AIA provides diverse fund choices for customers. The full range of funds available allow customers to find the most suitable type of fund. Read more our fund choices and other basic retirement knowledge below.
Learn more about fund types
A guaranteed fund provides certain form of guarantee to investors, usually on the capital invested or on a minimum rate of return, and thus, offers greater security against market fluctuations.
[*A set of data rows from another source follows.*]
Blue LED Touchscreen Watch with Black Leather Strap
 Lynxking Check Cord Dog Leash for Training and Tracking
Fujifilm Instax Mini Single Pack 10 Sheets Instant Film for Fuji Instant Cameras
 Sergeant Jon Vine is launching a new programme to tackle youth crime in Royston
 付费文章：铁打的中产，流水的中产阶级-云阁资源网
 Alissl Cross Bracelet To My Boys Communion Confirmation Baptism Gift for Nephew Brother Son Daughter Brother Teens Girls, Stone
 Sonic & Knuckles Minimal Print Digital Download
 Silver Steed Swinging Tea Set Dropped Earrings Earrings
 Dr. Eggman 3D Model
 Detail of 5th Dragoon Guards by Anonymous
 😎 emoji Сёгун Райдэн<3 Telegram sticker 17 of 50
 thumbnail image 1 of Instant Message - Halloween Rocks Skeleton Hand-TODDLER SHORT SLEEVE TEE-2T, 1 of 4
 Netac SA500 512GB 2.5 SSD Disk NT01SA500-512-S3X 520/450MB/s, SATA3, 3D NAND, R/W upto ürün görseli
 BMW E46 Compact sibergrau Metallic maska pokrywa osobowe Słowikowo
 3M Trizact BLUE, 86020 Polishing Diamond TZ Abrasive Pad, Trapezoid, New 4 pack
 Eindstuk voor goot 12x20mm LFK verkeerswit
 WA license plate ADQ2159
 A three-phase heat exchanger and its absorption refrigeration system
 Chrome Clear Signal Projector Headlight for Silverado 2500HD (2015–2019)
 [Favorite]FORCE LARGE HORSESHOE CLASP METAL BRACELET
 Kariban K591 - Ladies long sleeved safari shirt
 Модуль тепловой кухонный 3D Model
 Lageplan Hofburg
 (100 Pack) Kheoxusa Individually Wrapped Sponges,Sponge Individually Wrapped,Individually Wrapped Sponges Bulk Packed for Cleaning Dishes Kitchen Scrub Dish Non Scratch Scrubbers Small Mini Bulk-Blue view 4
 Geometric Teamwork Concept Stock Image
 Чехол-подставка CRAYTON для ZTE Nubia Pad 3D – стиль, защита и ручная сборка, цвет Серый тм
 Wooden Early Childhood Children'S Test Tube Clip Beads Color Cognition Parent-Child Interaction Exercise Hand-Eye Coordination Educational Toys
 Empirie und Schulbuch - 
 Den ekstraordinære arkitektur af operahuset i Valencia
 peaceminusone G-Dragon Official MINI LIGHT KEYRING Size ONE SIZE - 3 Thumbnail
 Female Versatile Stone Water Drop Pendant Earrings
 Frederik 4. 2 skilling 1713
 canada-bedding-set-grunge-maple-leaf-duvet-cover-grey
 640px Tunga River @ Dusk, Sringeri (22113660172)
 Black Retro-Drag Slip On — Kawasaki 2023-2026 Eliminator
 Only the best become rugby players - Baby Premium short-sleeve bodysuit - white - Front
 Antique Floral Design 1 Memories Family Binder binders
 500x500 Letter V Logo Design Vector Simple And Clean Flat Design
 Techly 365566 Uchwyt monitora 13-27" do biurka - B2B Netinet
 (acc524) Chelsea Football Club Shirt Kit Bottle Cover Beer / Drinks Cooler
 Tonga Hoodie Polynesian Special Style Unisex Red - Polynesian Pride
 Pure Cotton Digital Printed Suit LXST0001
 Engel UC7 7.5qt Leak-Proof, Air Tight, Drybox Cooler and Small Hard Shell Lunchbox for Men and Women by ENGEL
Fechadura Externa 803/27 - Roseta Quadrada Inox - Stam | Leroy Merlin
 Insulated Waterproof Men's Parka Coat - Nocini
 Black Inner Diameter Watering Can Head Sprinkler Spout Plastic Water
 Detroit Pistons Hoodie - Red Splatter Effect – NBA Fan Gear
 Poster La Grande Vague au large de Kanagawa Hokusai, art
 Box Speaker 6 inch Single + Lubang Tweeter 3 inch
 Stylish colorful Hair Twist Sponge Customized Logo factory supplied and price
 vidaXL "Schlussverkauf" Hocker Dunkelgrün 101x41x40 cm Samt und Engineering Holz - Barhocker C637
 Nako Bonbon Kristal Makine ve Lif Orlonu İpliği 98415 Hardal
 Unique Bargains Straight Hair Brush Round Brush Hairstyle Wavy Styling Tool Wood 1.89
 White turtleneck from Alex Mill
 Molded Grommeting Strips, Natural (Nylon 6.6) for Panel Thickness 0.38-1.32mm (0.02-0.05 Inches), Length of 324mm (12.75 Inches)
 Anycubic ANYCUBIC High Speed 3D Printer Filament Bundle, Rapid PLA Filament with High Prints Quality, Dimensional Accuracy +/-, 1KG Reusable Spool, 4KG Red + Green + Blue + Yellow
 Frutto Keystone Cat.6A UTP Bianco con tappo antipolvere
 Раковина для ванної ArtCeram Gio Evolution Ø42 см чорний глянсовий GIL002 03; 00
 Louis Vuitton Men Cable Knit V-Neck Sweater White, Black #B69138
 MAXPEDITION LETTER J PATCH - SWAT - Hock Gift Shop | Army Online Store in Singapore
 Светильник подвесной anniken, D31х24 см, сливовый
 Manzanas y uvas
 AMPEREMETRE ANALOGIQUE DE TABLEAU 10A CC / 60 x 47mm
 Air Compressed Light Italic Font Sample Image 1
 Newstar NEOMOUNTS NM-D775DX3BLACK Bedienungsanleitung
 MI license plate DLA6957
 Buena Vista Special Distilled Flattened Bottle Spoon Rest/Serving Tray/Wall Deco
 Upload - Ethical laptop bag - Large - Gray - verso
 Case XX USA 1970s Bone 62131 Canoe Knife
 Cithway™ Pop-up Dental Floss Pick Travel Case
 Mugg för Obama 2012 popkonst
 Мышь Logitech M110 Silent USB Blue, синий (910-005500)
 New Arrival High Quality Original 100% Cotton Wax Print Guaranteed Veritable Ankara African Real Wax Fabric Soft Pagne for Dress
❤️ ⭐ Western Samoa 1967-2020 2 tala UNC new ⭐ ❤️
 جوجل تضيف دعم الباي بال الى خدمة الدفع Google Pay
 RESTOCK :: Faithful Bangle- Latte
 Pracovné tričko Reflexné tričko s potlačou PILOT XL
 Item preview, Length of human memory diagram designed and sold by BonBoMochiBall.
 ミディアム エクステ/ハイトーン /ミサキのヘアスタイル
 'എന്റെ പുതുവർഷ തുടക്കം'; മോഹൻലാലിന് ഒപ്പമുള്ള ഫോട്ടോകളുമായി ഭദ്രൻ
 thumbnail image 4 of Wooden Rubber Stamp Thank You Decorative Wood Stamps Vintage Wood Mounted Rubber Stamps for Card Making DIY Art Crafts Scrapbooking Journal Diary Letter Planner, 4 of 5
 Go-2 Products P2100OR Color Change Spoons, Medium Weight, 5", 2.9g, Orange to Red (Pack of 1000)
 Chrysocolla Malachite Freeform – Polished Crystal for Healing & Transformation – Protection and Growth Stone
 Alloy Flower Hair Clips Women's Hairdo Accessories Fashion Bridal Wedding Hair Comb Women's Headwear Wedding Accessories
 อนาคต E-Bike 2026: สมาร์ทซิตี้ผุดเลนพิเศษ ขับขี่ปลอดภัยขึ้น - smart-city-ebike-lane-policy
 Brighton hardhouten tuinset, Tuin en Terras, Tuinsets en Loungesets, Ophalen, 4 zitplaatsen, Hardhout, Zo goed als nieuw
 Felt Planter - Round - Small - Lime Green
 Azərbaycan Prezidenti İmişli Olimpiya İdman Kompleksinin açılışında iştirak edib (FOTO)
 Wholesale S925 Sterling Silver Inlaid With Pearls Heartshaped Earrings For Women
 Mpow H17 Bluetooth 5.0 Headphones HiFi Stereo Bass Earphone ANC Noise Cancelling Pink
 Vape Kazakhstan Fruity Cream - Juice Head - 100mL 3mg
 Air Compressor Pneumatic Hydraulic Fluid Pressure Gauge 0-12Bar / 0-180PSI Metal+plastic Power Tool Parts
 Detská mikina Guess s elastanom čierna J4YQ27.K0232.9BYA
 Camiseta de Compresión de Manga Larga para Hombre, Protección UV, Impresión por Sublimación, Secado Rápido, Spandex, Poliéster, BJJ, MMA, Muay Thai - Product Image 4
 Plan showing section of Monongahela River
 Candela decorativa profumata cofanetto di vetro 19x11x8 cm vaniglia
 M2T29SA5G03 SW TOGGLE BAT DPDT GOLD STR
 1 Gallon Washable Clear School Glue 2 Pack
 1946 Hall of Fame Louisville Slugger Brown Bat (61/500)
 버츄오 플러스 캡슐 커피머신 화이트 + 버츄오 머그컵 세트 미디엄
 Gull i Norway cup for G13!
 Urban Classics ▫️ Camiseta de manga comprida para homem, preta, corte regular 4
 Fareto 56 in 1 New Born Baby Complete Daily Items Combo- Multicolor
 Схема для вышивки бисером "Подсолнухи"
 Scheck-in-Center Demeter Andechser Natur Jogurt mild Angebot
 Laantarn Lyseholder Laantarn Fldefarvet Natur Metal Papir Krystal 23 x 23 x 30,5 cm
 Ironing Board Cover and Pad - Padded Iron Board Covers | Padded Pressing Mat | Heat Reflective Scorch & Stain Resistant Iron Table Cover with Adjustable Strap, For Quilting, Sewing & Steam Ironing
Guaranteed funds have the following features:
- Conditional: Generally, a minimum investment period and/or withdrawal restrictions apply for guarantee to be effective.
- Charges are usually higher: Besides basic charges, the guarantor usually imposes an additional guarantee fee or reserve charge.
- Lower long-term returns: The long-term returns of guaranteed funds may not outperform the market, and can fall behind the inflation rate. If members invest in low-return guaranteed funds over the long run, they may sacrifice the chance to secure better returns, which will be exacerbated by compounding effect.
An equity fund seeks a higher rate of return through capital appreciation of stocks, traded mainly on approved stock exchanges. The features of equity funds are as follows:
The risks of an equity fund are generally higher than those of other types of funds. Returns may be affected by factors such as the volatility of stock markets and fluctuations in exchange rates. If the fund invests in stocks denominated in a foreign currency, the depreciation of that foreign currency may also lead to a drop in the price of the fund
- Higher potential returns and risks: With more aggressive investment targets and better potential returns, the risks of an equity fund are generally higher than those of other types of funds. Major risks include the volatility of stock markets and fluctuations in exchange rates.
- Diverse choices: Equity funds are frequently described in terms of geographical allocation: those investing in a single market (e.g. Hong Kong Equity Fund), regional markets (e.g. European Fund) or global markets, offering members greater diversity of choices.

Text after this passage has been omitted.